Understanding the Aggregated Graphs
At the top of the Run Results page, you’ll find key performance metrics visualized in graphs. These provide an accumulative overview of your AI model’s for the specific Run:
Semantic Similarity Score
This gauge-style chart displays the overall similarity between AI-generated responses and expected outputs.
A higher score indicates greater alignment with the intended response.
Response Word Count Distribution
A histogram that breaks down responses by length.
Helps identify if responses are too brief or excessively verbose.
Estimated Run Cost (USD)
Visualizes the cost incurred for executing the run.
Useful for budget management and cost-efficiency analysis.
Average Latency (sec)
Displays the average time taken to generate responses.

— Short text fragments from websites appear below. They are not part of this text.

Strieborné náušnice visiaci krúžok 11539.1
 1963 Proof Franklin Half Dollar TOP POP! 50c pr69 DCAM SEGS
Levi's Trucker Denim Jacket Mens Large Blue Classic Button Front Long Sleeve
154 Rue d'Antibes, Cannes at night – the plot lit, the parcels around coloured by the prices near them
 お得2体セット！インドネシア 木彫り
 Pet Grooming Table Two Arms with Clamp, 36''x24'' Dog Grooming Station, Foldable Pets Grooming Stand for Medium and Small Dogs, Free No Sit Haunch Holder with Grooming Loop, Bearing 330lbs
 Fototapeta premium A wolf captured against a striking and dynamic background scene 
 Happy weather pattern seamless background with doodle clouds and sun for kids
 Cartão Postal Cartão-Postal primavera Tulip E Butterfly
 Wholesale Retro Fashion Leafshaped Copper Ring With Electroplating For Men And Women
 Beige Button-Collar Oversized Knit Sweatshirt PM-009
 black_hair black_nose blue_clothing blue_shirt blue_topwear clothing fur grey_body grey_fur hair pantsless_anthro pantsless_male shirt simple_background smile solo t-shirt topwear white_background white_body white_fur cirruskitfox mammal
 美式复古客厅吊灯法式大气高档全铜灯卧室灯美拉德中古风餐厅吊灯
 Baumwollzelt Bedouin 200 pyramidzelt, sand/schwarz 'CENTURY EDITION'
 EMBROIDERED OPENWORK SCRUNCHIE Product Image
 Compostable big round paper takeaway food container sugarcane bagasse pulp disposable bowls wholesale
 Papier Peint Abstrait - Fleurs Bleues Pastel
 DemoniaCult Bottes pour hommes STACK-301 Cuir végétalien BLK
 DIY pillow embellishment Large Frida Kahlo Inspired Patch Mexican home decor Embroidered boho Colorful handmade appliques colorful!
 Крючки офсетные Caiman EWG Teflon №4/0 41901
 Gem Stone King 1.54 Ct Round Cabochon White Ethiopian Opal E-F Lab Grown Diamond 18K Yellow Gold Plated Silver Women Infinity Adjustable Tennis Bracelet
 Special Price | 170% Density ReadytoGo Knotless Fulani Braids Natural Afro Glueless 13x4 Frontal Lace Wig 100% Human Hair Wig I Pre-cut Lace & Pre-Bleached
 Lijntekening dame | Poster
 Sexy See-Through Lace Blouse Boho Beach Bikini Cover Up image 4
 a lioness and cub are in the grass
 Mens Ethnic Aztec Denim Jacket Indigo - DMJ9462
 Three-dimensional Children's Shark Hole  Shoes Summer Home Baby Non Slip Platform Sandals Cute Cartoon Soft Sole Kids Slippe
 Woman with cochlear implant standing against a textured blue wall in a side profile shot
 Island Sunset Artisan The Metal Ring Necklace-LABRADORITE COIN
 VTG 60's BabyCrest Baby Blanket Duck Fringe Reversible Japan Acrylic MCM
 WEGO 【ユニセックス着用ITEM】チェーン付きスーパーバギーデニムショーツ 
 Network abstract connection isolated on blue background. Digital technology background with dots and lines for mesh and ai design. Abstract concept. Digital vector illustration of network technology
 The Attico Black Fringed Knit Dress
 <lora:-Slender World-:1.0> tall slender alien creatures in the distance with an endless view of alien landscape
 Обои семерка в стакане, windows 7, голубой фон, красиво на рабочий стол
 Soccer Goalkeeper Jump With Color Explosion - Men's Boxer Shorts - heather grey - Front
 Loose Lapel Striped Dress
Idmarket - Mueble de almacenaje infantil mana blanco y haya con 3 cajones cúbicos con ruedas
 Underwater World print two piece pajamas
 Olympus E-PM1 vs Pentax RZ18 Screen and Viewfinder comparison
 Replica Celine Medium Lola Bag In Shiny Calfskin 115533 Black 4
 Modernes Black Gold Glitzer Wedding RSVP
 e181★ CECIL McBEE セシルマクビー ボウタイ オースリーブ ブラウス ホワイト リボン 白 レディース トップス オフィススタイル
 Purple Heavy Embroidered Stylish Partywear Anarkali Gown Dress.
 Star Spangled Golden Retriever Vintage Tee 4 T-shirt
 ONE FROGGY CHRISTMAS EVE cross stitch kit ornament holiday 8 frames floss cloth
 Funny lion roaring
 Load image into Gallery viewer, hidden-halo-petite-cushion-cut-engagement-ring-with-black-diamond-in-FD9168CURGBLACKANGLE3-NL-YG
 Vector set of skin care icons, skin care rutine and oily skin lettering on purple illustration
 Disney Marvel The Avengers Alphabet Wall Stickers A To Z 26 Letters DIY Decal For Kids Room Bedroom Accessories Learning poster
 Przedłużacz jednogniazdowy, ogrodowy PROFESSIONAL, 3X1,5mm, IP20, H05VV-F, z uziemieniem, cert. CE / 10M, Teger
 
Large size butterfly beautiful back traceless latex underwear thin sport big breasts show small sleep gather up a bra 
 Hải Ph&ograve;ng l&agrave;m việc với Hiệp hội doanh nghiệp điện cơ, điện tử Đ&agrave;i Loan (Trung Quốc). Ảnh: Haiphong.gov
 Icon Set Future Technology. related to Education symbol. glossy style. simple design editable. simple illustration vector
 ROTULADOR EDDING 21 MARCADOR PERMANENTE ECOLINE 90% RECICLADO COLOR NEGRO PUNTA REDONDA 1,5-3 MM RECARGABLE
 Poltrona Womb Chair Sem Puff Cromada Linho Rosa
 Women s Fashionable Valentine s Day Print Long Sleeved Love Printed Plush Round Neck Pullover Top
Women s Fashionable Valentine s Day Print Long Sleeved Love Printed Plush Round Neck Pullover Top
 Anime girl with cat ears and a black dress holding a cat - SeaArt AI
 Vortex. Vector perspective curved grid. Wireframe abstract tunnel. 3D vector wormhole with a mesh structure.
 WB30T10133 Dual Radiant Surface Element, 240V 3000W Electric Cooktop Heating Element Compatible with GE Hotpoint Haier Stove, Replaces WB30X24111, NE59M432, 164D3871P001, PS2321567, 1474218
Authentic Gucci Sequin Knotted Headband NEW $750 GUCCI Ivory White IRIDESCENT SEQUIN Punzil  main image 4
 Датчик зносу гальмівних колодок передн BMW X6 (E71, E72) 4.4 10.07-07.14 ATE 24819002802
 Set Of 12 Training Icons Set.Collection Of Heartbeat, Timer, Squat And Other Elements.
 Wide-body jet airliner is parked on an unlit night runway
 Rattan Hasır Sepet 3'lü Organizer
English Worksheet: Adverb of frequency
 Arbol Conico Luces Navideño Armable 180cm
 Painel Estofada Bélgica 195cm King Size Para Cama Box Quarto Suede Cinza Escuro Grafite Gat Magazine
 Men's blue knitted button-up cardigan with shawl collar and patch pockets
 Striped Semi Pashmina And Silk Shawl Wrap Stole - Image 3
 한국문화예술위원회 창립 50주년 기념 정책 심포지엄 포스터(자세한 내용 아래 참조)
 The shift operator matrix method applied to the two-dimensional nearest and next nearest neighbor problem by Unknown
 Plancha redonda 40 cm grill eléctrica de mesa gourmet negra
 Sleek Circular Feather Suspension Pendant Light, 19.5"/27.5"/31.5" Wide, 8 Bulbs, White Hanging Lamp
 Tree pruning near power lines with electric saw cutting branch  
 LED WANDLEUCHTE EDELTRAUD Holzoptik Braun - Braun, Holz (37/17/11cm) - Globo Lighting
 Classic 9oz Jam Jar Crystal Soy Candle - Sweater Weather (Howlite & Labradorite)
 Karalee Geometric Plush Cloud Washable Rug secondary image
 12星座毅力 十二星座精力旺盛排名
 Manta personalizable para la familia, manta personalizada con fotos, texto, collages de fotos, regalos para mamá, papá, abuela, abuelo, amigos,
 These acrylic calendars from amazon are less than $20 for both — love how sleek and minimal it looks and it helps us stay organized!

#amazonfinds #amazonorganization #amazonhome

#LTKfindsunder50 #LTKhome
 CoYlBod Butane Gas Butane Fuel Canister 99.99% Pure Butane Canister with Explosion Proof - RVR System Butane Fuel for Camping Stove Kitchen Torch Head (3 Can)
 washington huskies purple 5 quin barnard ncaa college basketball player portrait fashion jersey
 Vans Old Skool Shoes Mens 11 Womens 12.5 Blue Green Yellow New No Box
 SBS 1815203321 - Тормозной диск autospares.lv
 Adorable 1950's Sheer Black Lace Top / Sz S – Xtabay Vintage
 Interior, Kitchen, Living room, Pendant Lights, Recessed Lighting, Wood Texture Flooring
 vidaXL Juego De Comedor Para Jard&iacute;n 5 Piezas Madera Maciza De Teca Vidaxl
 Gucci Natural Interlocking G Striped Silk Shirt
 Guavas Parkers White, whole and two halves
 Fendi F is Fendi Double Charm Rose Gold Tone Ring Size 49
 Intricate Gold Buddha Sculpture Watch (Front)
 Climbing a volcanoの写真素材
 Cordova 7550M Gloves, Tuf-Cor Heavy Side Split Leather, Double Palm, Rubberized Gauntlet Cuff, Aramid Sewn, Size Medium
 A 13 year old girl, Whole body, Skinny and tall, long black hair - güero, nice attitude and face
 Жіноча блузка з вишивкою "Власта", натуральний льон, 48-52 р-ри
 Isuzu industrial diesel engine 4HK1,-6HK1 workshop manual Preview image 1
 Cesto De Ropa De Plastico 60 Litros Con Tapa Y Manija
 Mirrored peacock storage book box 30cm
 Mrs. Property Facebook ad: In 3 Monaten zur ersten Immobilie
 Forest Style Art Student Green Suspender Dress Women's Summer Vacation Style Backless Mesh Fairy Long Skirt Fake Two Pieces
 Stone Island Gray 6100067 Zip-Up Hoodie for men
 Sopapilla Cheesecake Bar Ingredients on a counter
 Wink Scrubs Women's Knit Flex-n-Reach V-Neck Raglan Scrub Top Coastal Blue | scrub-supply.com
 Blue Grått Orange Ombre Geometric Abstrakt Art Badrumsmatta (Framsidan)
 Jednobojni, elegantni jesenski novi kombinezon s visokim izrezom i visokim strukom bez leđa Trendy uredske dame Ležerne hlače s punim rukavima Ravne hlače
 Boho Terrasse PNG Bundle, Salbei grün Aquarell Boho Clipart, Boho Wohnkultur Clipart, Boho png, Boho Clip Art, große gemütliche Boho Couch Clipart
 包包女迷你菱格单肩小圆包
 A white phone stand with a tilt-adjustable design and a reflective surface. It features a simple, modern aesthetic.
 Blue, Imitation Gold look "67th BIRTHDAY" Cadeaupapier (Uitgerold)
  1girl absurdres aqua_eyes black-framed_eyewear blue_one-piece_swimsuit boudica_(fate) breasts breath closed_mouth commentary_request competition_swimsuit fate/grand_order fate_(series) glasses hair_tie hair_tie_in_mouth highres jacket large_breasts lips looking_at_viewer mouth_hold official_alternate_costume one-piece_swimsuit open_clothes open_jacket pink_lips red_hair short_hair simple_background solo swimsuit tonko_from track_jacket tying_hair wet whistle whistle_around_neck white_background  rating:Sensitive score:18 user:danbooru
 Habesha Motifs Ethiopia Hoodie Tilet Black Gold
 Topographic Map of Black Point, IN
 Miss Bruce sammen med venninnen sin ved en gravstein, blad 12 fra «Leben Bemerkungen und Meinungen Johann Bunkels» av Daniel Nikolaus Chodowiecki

Helps measure responsiveness and efficiency.
Validation Success Percent
Shows how well responses align with predefined evaluation criteria.
Includes separate bars for different evaluation dimensions (e.g., Politeness, Relevance, Greeting, JSON Schema compliance).
A high percentage indicates strong model performance.
Drilling Down to Specific Run Details
Beyond high-level insights, Arato allows you to dive into individual results to analyze specific inputs and outputs:
Row-Level Breakdown
For each record in the run, you can view:
Input Variables: The exact user query, document references, or contextual parameters.
Generated Response: The AI’s output, including structured JSON responses when applicable.
Eval Scores: A breakdown of evaluation metrics (e.g., Politeness, Relevance, Correct JSON Schema).
Similarity Score: How well the generated response matches the expected answer.